(Action item)
Copy each line of the data below with the word "Bedroom".

(Records)
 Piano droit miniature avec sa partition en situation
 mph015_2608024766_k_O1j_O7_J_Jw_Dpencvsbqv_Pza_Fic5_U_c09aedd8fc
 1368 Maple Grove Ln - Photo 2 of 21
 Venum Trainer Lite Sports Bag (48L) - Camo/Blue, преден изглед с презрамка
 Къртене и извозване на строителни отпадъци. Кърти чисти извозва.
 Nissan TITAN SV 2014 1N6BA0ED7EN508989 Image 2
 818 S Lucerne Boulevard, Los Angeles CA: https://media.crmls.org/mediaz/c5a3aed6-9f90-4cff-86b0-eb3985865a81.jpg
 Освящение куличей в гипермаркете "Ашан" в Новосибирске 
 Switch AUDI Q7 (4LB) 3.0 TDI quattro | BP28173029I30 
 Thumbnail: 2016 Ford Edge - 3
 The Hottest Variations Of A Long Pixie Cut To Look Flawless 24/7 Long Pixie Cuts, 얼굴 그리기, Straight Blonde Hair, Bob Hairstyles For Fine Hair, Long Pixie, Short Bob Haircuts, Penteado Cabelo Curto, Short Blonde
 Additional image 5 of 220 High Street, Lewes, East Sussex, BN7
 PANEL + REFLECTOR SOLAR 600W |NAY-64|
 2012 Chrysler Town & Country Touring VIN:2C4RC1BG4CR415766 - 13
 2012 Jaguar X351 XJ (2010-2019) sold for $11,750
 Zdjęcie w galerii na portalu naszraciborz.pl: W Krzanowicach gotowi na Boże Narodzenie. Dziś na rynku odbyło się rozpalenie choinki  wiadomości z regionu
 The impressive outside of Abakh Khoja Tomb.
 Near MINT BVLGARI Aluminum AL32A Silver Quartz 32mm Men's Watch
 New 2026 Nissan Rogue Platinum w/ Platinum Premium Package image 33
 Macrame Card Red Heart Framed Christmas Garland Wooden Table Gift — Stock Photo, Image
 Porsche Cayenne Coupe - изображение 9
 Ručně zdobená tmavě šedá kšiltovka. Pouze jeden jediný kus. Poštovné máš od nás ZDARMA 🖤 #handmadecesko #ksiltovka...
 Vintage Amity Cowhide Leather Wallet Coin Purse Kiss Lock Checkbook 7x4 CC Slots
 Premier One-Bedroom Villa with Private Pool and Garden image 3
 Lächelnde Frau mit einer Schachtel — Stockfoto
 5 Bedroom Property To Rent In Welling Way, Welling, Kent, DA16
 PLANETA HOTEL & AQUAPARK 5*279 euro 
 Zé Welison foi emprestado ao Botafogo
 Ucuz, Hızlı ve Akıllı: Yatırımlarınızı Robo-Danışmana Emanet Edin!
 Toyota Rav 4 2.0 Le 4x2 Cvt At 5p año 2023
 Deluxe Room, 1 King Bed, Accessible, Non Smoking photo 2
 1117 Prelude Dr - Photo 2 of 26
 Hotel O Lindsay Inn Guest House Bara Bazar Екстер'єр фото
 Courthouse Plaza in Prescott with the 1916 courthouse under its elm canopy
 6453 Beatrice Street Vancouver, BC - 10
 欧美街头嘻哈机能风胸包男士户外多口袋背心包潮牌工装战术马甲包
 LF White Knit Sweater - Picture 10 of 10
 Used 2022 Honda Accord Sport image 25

(Final answer)
 Premier One-Bedroom Villa with Private Pool and Garden image 3
 5 Bedroom Property To Rent In Welling Way, Welling, Kent, DA16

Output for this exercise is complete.